For this listing, reproduce the line with "Lululemon Blue Crop Yoga Pant", the line with "15 Inwood Way", and the lines between, exactly as they stand. Leave out pictures and all other lines.
=== Record excerpts ===
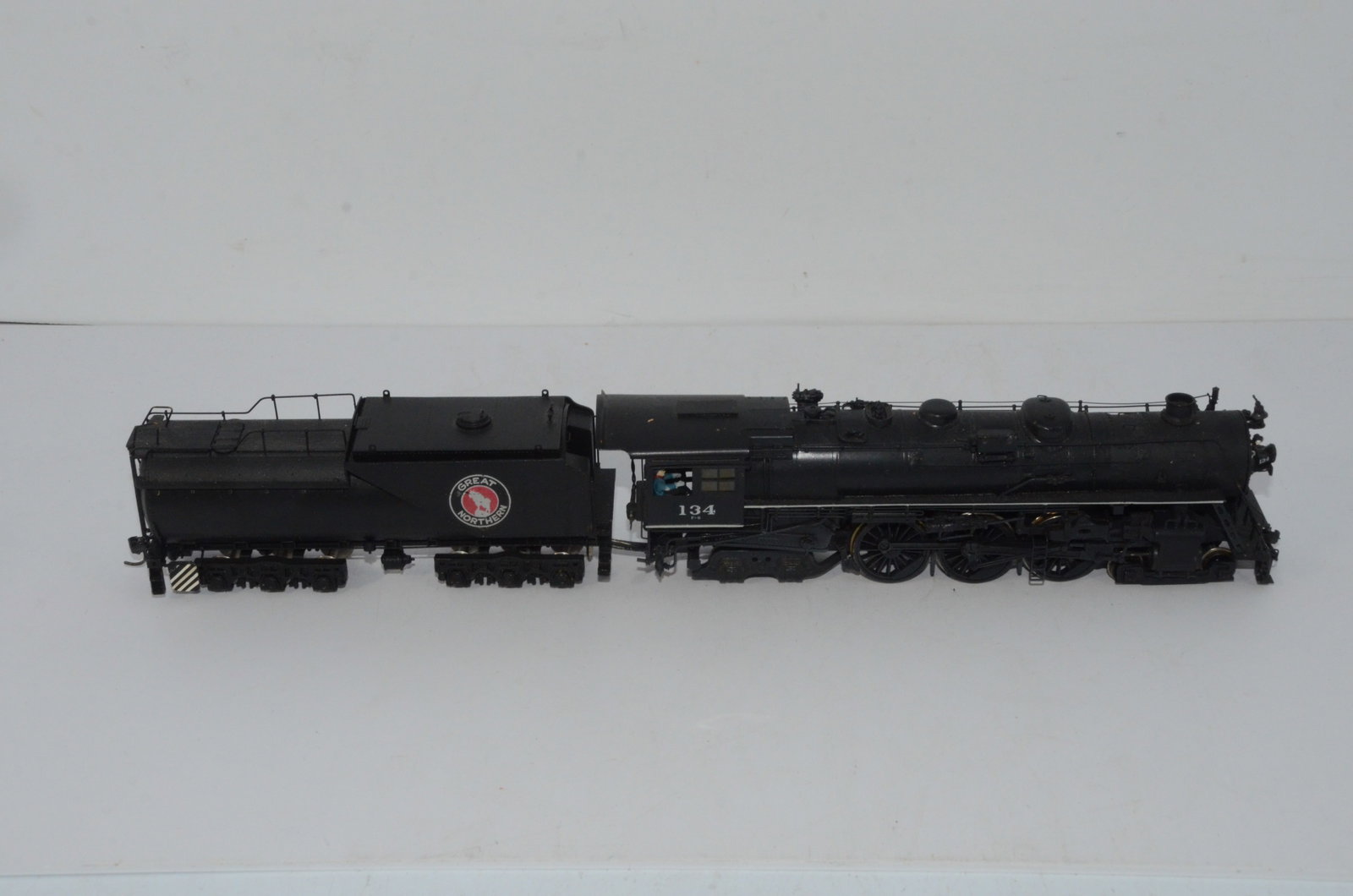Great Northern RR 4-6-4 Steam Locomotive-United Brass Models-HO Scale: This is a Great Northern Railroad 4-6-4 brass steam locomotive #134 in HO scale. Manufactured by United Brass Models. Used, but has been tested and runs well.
===
=== Record excerpts ===
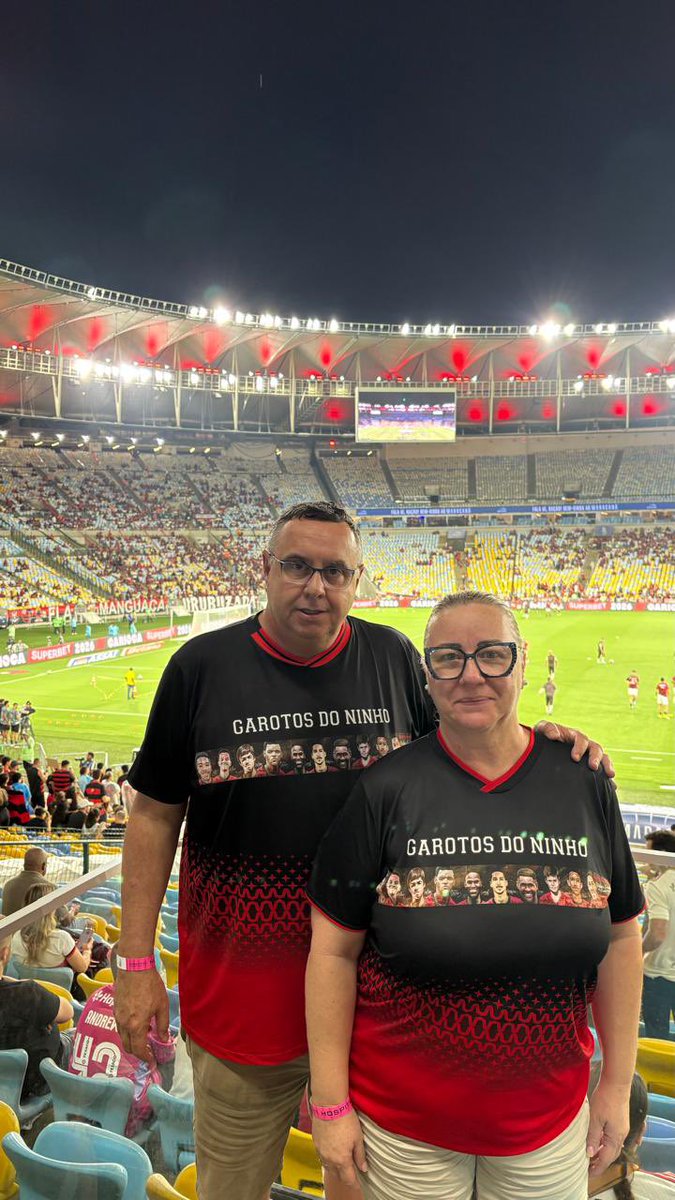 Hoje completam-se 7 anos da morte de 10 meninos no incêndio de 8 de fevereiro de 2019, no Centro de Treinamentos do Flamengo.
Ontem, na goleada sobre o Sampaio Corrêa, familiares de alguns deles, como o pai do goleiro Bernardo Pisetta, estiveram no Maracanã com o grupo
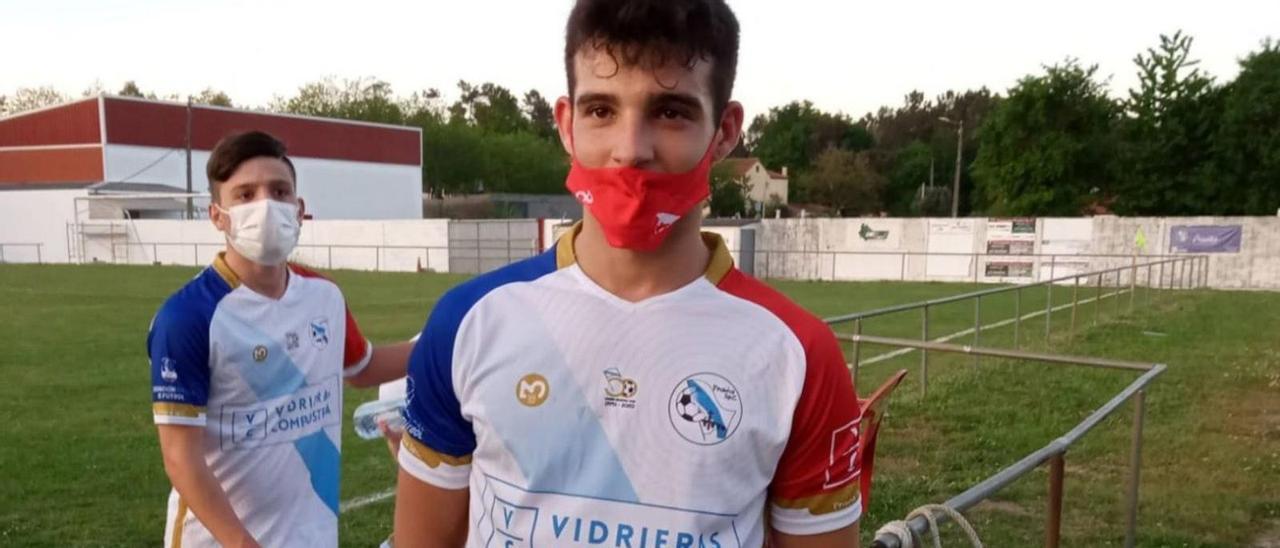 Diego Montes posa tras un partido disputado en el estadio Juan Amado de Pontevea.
===
=== Record excerpts ===
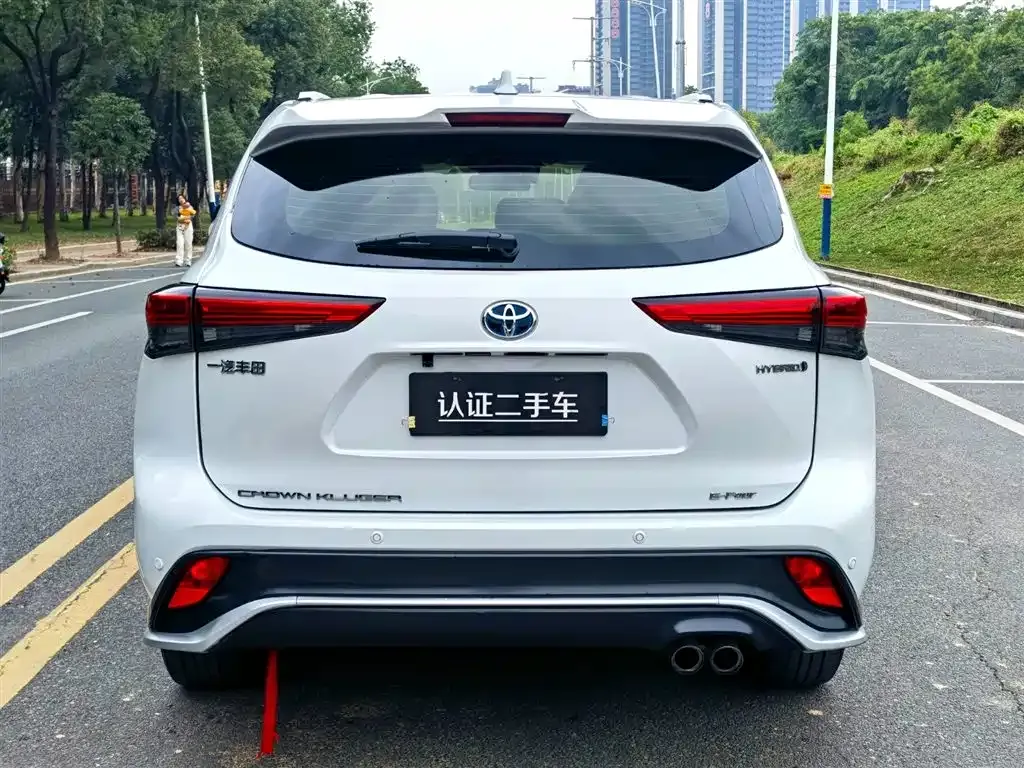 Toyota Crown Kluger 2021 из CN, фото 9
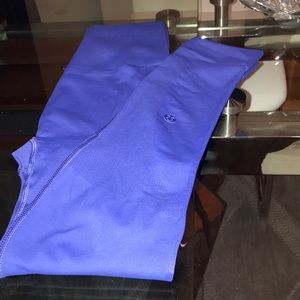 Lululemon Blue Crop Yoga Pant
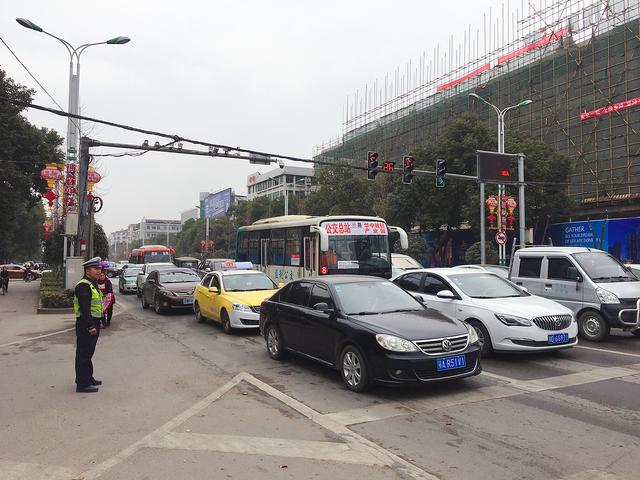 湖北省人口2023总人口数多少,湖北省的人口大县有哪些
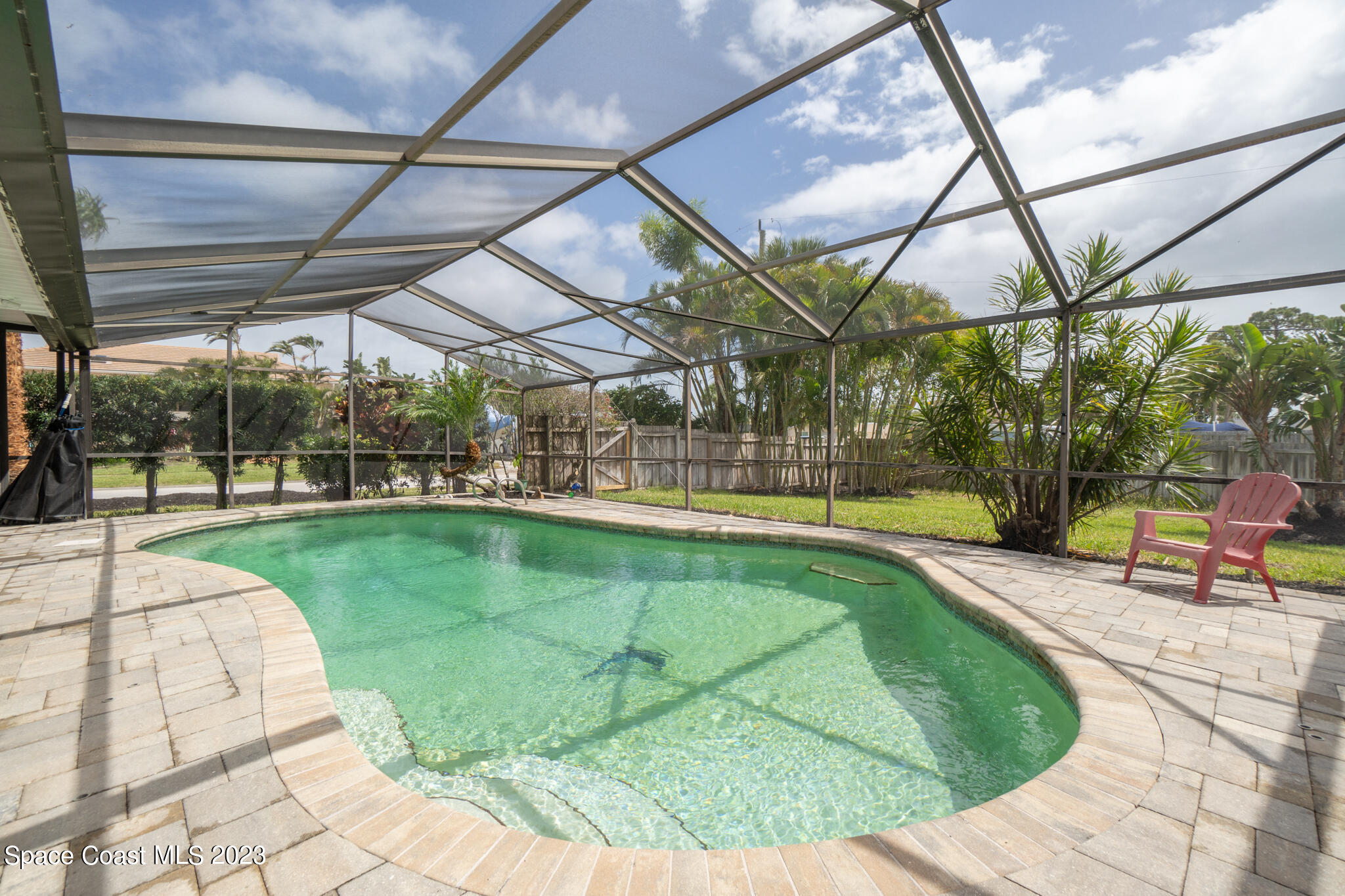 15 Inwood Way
===
*Written answer*:
 Lululemon Blue Crop Yoga Pant
 湖北省人口2023总人口数多少,湖北省的人口大县有哪些
 15 Inwood Way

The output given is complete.